Social distancing takes its toll on courting couples
Sunday 15 March, London
📌 Doom is all around. Stories in the media focus on how this Coronavirus will change society forever. Human contact will slowly dissolve as isolated, remote living becomes the new normal.
One report points to the state being the institution people look to in times of crisis. Not much help there.
Another points to e-voting as the road down which democratic representation must travel, for both politicians and voters.
But in thinking this through, will the public develop a real connection with the state as a result? Will participatory democracy flourish? Or will we all fall prey to the capitalist cowboys such as the company that has the contract to clean Lewisham hospital, where cleaners have gone on strike after not getting paid? Can our present government embrace the need for a big, active, listening state. Can it learn to love the BBC? To trust the word of experts? To value the integrity of the NHS? Not a lot of evidence of that at the moment.
📌 Whatever happens, it’s hard not to imagine a near future when men in space suits turn up with your veg delivery.
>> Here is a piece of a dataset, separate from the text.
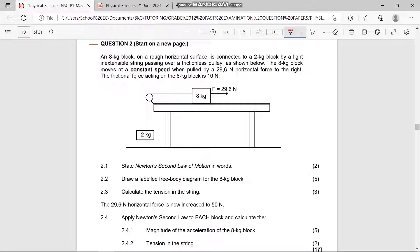We are going to be looking at Question 2, which is basically always Newton's Laws. Question 2 says: an 8 kg block on a rough horizontal surface is connected to a 2 kg block by a light inextensible string passing over a frictionless pulley. The 8 kg block moves at constant speed when pulled by a 29.6 newton horizontal force to the right. The frictional force acting on the 8 kg block is 10 newtons.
📌 Yesterday my wife speculated on how young courting couples would cope with the prescribed social-distancing protocols.
There is a broader point here. Might there be a demographic blip in the future that indicates a Coronavirus Abstinence from coitus? No kids for the younger Millennials.
📌 We defied the current convention for staying cocooned at home and went out for a meal in a local Turkish restaurant. They were not only amazed, but grateful to us for bothering.
📌 The ridiculous posh shoe shop in Whitecross Street has closed down. It’s all boarded up and the grafitto “@ikillhumans” has appeared in red.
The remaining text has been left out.